Exercise goal
Please copy, exactly and with no pictures, only the lines from the one containing "Haggar Men's Subtle" through the last line of the records.

· · · · · · ·

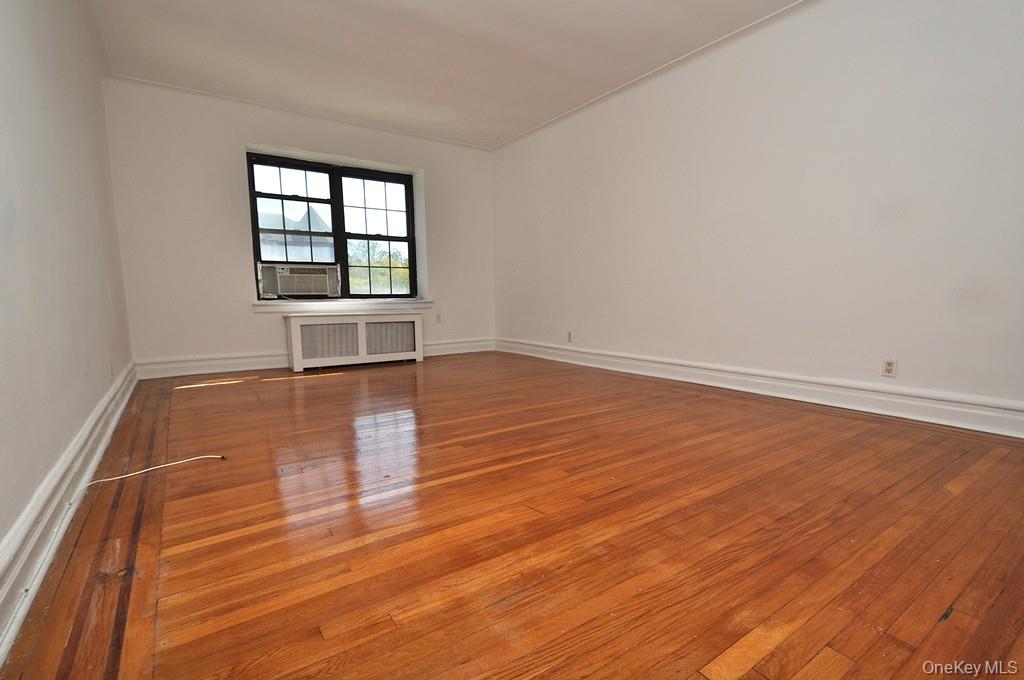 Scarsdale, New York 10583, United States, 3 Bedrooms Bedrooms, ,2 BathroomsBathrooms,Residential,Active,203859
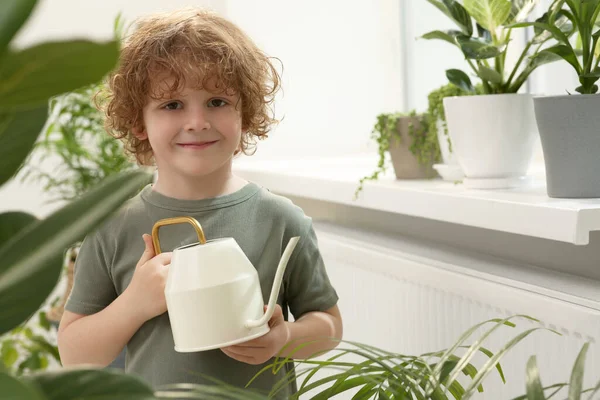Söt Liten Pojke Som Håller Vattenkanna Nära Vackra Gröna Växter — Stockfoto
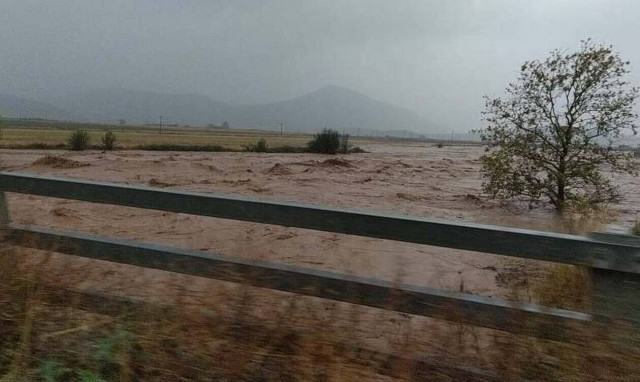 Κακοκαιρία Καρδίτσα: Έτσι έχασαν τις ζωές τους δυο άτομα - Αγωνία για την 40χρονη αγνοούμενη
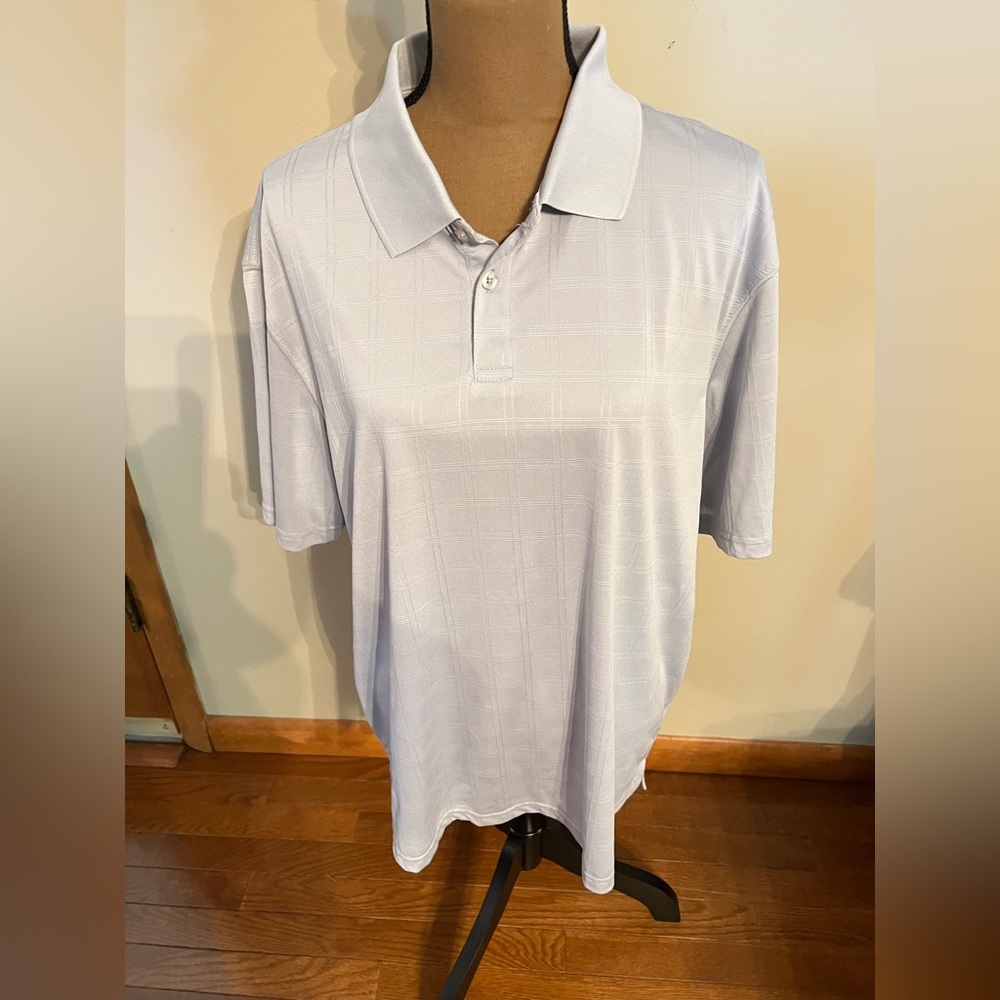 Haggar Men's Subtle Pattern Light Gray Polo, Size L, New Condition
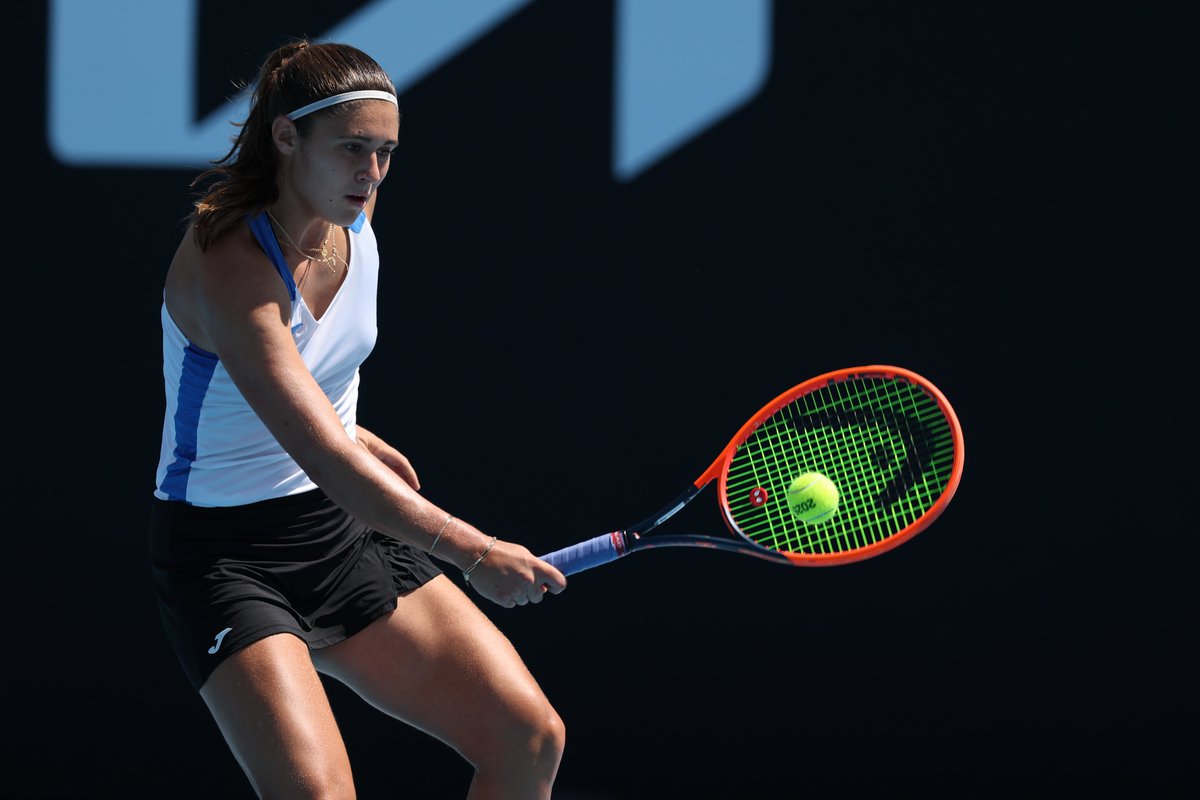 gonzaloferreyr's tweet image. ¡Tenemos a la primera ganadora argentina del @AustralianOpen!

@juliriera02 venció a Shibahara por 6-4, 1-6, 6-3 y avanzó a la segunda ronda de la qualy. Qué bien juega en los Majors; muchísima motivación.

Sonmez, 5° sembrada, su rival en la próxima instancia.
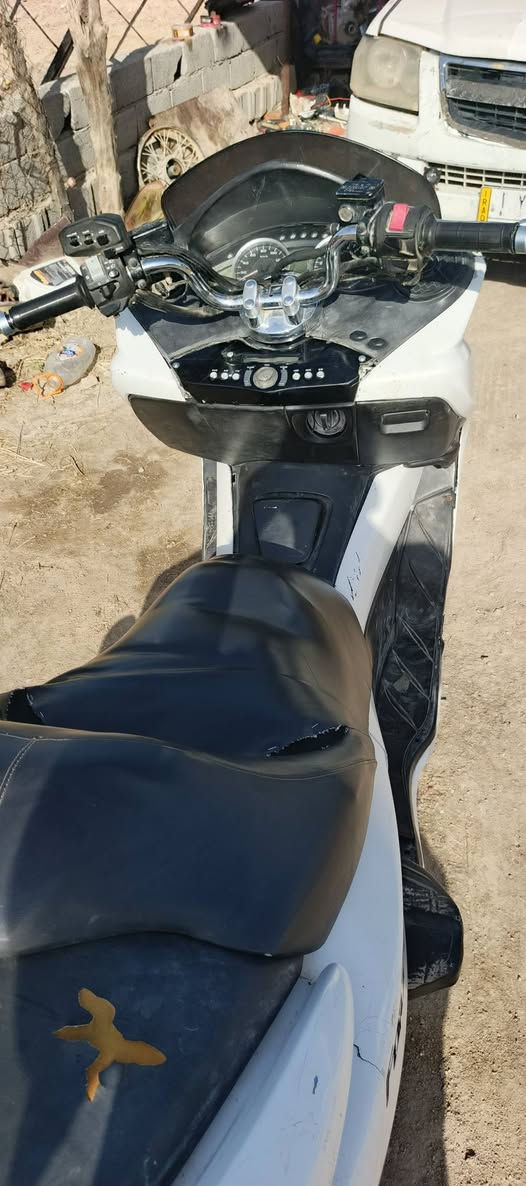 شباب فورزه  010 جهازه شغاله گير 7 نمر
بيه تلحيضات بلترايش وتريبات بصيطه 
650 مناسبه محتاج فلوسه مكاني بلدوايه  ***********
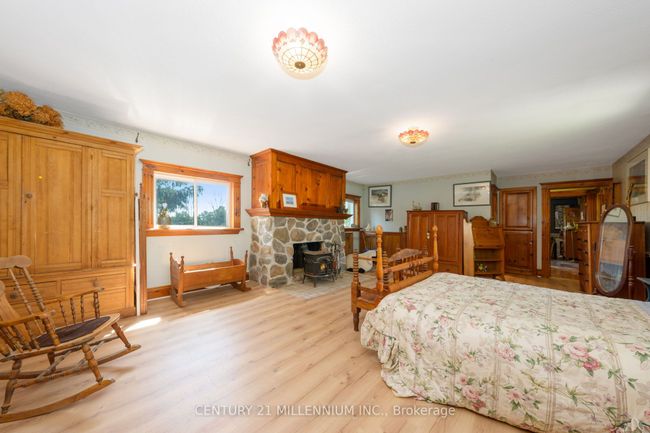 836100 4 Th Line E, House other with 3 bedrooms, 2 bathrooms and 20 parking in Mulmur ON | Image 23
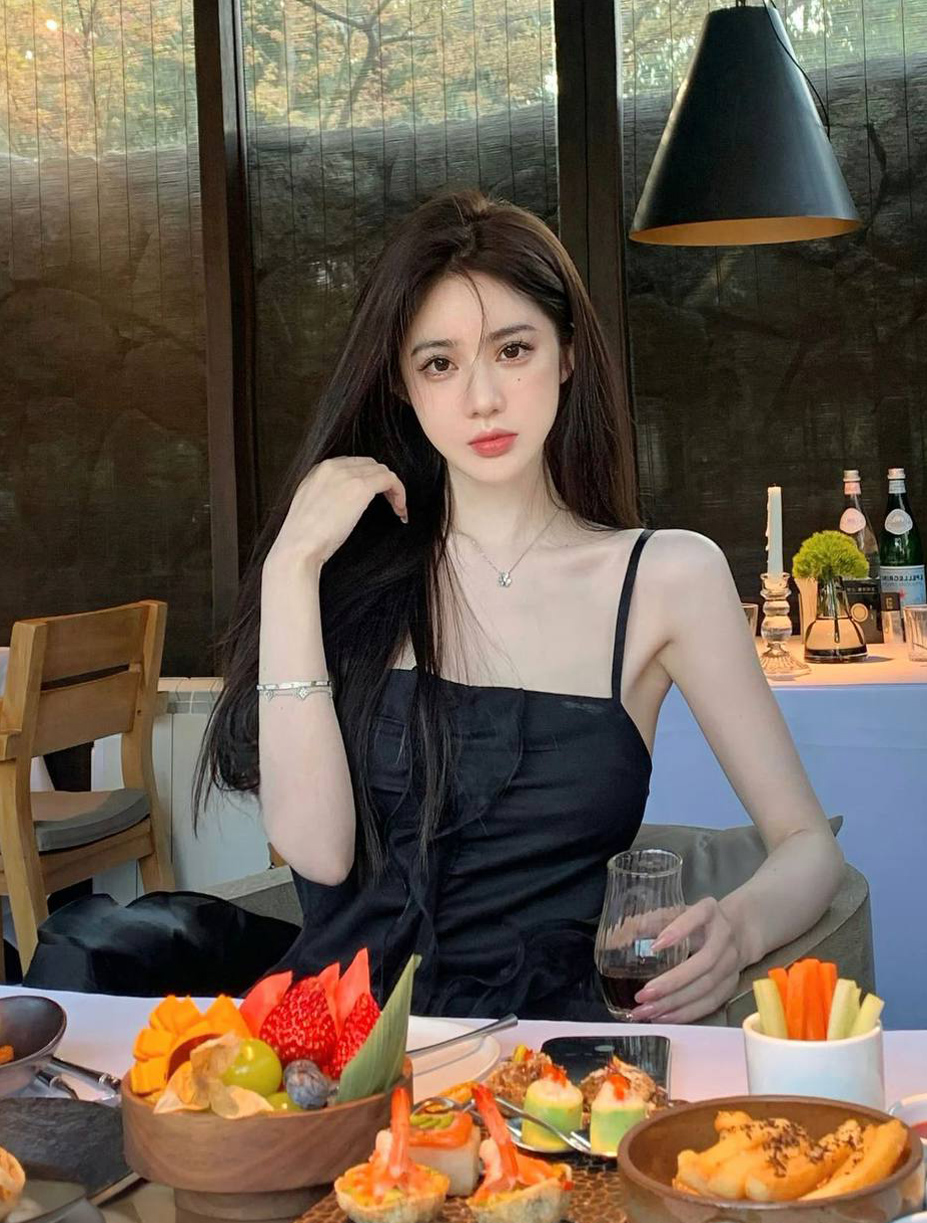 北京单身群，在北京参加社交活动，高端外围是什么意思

· · · · · · ·

Response
 Haggar Men's Subtle Pattern Light Gray Polo, Size L, New Condition
 gonzaloferreyr's tweet image. ¡Tenemos a la primera ganadora argentina del @AustralianOpen!

@juliriera02 venció a Shibahara por 6-4, 1-6, 6-3 y avanzó a la segunda ronda de la qualy. Qué bien juega en los Majors; muchísima motivación.

Sonmez, 5° sembrada, su rival en la próxima instancia.
 شباب فورزه  010 جهازه شغاله گير 7 نمر
بيه تلحيضات بلترايش وتريبات بصيطه 
650 مناسبه محتاج فلوسه مكاني بلدوايه  ***********
 836100 4 Th Line E, House other with 3 bedrooms, 2 bathrooms and 20 parking in Mulmur ON | Image 23
 北京单身群，在北京参加社交活动，高端外围是什么意思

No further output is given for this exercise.